Aus dem Hebräischen von Netta Van Vliet

Anmerkung:

(1) Der veröffentlichte Plan kann nachgelesen werden unter: http://www.haaretz.com/hasen/pages/ShArt.jhtml?itemNo=416024&contrassID=1&subContrassID=1&sbSubContrassID00&listSrc=Y (links auf ?Disengagement plan? klicken)

Hier einige Klauseln des Plans, auf die sich die Zusammenfassung hier beruft:

III: Sicherheitsrealität nach der Evakuierung 1. Israel wird zu Lande die äußere Umfassung beaufsichtigen und bewachen, es wird die exklusive Kontrolle über den Gazaer Luftraum behalten und seine militärischen Aktivitäten im Meeresgebiet des Gazastreifens fortsetzen. (...) 3. Israel reserviert für sich das grundlegende Recht auf Selbstverteidigung, inklusive präventiver Schritte und gewaltsamer Reaktionen auf Bedrohungen, die aus dem Gazastreifen hervorgehen.
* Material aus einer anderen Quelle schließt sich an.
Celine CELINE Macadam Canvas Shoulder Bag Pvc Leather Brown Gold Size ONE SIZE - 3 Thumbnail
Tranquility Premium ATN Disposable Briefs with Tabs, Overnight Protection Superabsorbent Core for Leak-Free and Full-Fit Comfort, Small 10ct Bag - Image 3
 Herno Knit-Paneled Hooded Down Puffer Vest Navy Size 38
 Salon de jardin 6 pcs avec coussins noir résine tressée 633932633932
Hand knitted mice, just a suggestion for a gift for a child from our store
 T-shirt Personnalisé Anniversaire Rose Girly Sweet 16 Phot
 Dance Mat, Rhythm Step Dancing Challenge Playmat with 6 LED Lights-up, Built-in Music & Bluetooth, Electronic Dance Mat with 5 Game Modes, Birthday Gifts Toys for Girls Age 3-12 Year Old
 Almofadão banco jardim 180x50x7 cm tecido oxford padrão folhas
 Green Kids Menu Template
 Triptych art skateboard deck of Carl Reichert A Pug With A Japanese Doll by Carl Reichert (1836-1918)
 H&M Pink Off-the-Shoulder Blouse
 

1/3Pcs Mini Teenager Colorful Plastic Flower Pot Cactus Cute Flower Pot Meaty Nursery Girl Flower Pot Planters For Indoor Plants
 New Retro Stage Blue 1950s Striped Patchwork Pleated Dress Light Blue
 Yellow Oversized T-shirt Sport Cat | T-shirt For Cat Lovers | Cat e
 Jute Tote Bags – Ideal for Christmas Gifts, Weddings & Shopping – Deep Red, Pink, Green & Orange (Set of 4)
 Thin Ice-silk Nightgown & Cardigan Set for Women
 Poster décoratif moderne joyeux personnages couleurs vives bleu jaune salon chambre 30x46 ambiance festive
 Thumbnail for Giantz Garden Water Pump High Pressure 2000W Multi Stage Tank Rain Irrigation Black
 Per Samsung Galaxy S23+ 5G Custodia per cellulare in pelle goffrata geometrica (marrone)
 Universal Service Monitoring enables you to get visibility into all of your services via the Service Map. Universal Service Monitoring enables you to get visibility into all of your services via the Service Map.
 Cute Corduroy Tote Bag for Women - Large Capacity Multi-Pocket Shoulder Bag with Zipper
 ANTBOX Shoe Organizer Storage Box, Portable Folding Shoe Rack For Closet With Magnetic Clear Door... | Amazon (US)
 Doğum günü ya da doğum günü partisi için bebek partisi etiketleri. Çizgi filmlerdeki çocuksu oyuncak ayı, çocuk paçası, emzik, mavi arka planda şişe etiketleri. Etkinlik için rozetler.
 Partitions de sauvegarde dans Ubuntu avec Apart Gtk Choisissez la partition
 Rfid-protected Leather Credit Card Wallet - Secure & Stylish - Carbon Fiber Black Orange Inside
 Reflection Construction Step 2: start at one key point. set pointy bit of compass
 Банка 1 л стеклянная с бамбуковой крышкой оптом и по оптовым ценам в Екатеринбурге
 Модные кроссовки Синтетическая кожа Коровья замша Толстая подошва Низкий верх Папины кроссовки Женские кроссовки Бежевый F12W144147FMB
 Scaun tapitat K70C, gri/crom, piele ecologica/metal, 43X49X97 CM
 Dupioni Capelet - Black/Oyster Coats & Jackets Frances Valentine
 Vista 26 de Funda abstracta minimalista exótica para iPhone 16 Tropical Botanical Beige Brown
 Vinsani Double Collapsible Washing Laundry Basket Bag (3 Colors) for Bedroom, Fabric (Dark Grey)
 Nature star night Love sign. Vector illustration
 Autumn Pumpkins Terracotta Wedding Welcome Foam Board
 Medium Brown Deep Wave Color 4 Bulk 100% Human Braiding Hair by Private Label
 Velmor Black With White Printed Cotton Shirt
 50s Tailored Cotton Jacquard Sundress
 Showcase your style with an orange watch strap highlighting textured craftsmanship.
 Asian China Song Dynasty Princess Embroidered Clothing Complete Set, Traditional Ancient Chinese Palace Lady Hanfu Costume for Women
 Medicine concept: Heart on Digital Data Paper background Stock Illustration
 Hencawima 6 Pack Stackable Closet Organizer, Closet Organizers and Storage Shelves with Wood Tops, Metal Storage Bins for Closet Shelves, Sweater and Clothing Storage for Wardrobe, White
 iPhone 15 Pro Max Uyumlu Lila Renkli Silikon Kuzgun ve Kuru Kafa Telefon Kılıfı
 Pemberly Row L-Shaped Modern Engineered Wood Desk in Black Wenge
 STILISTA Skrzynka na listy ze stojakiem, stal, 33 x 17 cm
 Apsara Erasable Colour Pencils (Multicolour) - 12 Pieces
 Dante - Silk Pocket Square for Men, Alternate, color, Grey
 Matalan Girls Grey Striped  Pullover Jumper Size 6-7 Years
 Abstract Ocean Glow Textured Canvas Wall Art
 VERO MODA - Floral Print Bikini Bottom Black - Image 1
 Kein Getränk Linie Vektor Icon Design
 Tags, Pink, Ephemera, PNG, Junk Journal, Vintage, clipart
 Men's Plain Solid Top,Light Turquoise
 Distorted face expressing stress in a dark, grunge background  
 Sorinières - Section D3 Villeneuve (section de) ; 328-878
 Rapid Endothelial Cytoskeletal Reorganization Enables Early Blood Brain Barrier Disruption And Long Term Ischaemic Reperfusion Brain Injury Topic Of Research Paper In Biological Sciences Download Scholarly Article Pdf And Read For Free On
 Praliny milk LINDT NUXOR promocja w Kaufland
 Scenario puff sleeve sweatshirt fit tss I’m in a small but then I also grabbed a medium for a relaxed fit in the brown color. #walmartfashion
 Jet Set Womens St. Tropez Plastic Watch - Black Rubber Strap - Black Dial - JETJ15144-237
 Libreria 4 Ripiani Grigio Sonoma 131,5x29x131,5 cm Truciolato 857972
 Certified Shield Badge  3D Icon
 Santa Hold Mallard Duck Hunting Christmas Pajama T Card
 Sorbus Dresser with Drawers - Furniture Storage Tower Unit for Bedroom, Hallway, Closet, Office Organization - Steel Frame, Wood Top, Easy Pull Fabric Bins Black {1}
VI. Das Grenzgebiet zwischen dem Gazastreifen und Ägypten (?Philadelphi Route?). In der ersten Stufe wird Israel seine Militärpräsenz entlang der Grenzlinie zwischen dem Gazastreifen und Ägypten (?Philadephi Route?) aufrechterhalten. Diese Präsenz stellt ein essentielles Sicherheitsbedürfnis dar, (und) mancherorts wäre möglich, dass eine physische Vergrößerung des Gebiets, in dem die Militäraktivitäten durchgeführt werden, notwendig ist.

XII. Der internationale ?Crossing Point?. 1. Die bestehenden Arrangements bleiben weiterhin in Kraft.